◆ GIVEN DATA

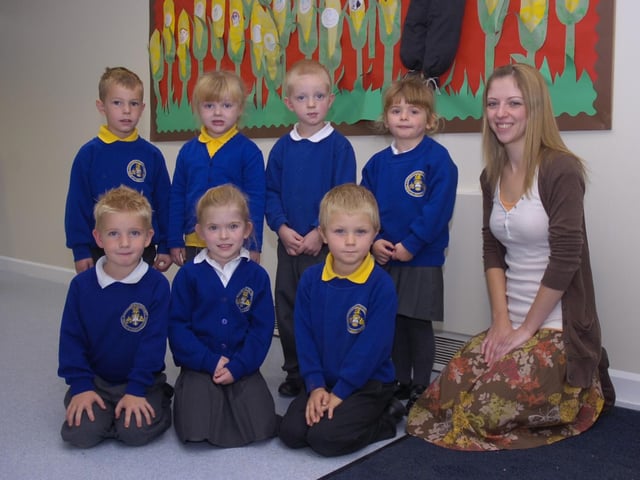 Pupils are pictured with new class teacher Elizabeth Shaylor.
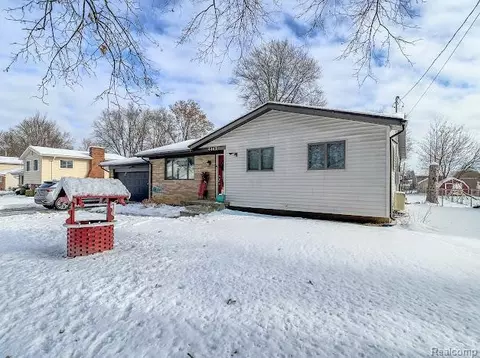 4445 Dixon Dr W, Flint, MI 48473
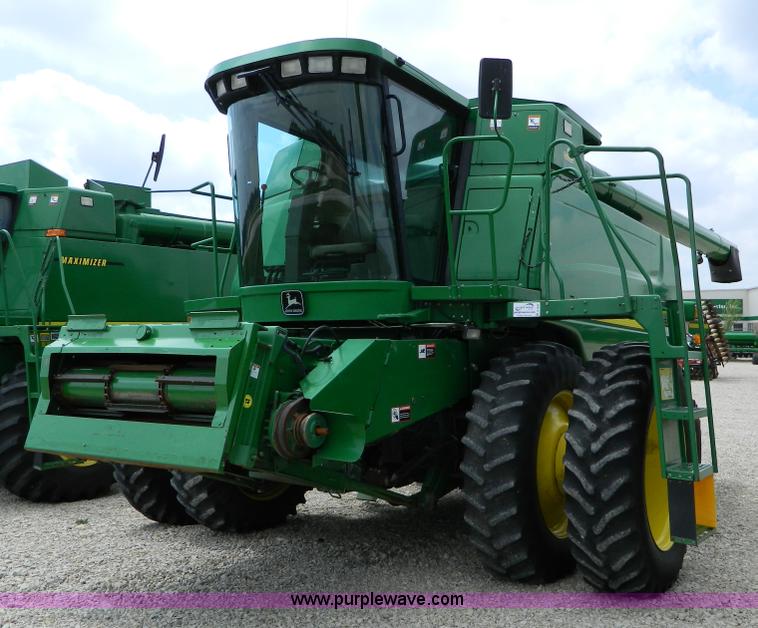 image for item B3665 2000 John Deere 9650 Walker combine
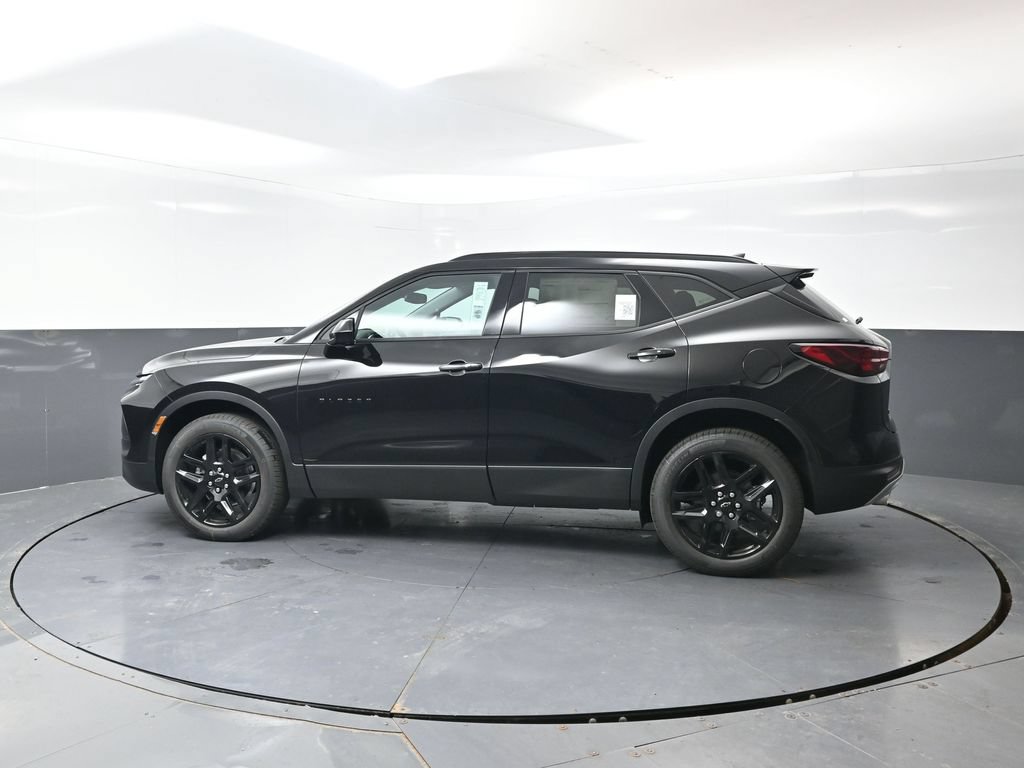 New 2026 Chevrolet Blazer LT w/ Convenience Package AWD/4WD image 7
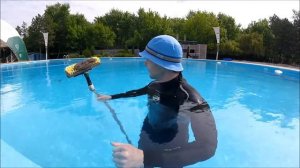 Лайфхак, как почистить стены бассейна от зеленого нароста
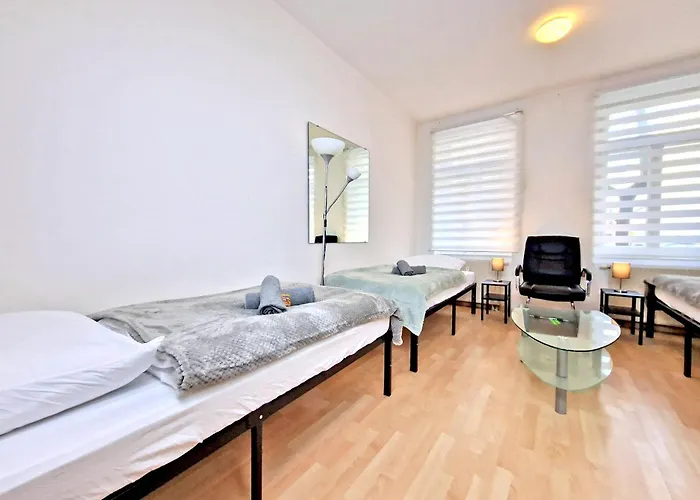 Happyside O Monteure O Zentrumsnah O Wlan O 6 Einzelbetten Apartamento *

◆ WHAT IS EXPECTED
Begin at the line containing "4445 Dixon Dr W, Flint, MI 48473" and transcribe exactly every line through the end of the records, both ends included, leaving the pictures out.

◆ REPLY
 4445 Dixon Dr W, Flint, MI 48473
 image for item B3665 2000 John Deere 9650 Walker combine
 New 2026 Chevrolet Blazer LT w/ Convenience Package AWD/4WD image 7
 Лайфхак, как почистить стены бассейна от зеленого нароста
 Happyside O Monteure O Zentrumsnah O Wlan O 6 Einzelbetten Apartamento *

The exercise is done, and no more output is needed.